An exhalation, slow and disappointed, comes from behind. I don’t have to turn around to see who it is. I know it’s my long dead grandmother, Reta, watching me beating a pie crust into submission with her ancient wooden rolling pin. Why did she have to show up right when I’m obviously failing pie crust, her specialty?
“And you claim to be my granddaughter,” she says, looking out at the muddy creek below the kitchen window, bloated from snow melting in the mountains.
Like so many times before, my imagination has her dropping by to revisit her favorite place in the cabin that she and my grandfather, Malcolm, built in the late 1950’s. A spotless apron, freshly ironed, covers her good Sunday dress because my mother’s family, her daughter, was considered company. Silver hair waves past her ears but doesn’t make it to her shoulders. She stands as if her back is held upright by a wooden spoon.
She glares at the mess being made in her dream kitchen, a domain that was once hers alone before it passed to my mother and then onto me. She tries to cross her arms over her massive bosom but they settle instead somewhere underneath, close to her small waist. I’m a child again, underfoot and failing to live up to her expectations.
“But I can explain,” I say. “I don’t want to make a heart attack disguised as a pie so I didn’t use lard and white flour like you used to do. I’m trying to make it out of whole wheat pastry flour and olive oil instead.”
She looks at the hard-packed glob smashed like a cow pie over the worn spot on the counter.
“It’s suppose to be healthy.”
Her eyebrow raises in a doubtful curve. “Healthy doesn’t necessarily mean edible,” she says. “But, I’m sure the squirrel will like it.”
I follow her gaze to the platform nailed to the side of the pine made especially for him. It still holds the soggy remains of last week’s fermented muffins. Even the magpies are giving it a wide berth.
“Actually, he’s getting tired of my cooking too.”
She leans on the scratched and pitted porcelain sink that holds the last of the apples picked last fall from the tree that my grandfather planted over 60 years ago.
“Maybe the squirrel yearns for the good ol’ days when I was the one cooking in this house,” she says. Softly, she adds, “Just like me.”
In her day she was considered one of the best cooks in this Wyoming mountain community. She was a master at pies and a champion with flowers. And yet here I am in her kitchen, acting as if I have the right to be here.
“You can’t tell it by this piecrust, but actually Grandma, I’m a pretty good cook. I just cook entirely different than you.”
I haven’t the guts to tell her I’m a vegetarian and that I won’t be trying my hand at a mince meat pie, roast beef or corned beef hash, some of my favorites when I was a child sitting at her table.

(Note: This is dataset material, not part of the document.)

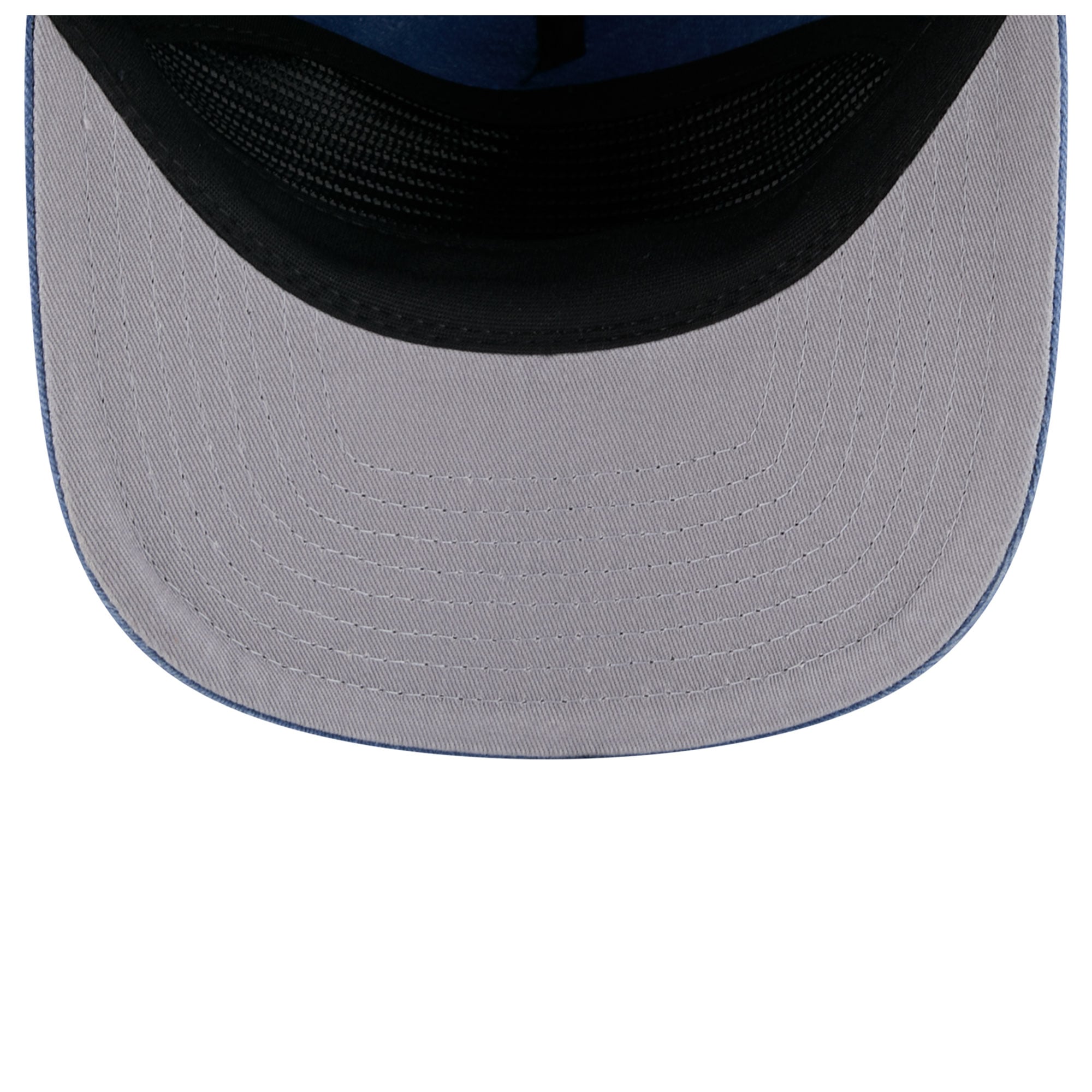 Casquette New Era Royal Los Angeles Dodgers 19TWENTY Micro ajustable pour homme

I say instead, “You’d be proud, I think, if you gave me half a chance.” I’m sounding braver than I am. I’ve never talked to my grandmother this way. In a rush not daring to look at her, I continue, “For instance, I don’t cook with white sugar. Not even for a pie.”
I’m still holding onto the hope that the piecrust will fulfill its destiny, in spite of my grandma’s doubts. “I’m going to use agave nectar.”
I brave a look in her direction. Confusion furrows her brows. I burst out laughing and a rare smile blushes her lips.
“Weird, I know, but look.”
I reach down to open the two built-in drawers my grandfather made to her specifications. Long ago, the top one was filled with white flour poured directly from the sack she bought from the Best Out West mill in town. The bottom was filled to the brim with white sugar. A battered tin cup was half buried in the middle of the white mound. These two drawers, when she dictated what was put where, were uncluttered and pure.
Now that I’ve moved into her kitchen, I was careful not to break the tradition of flour in the top and sugar in the bottom, but with major variations. In the top, no white flour. Instead tins of whole-wheat pastry flour, brown rice flour, spelt, rye, buckwheat, quinoa and a bag of kamut elbow for room in the deep drawer.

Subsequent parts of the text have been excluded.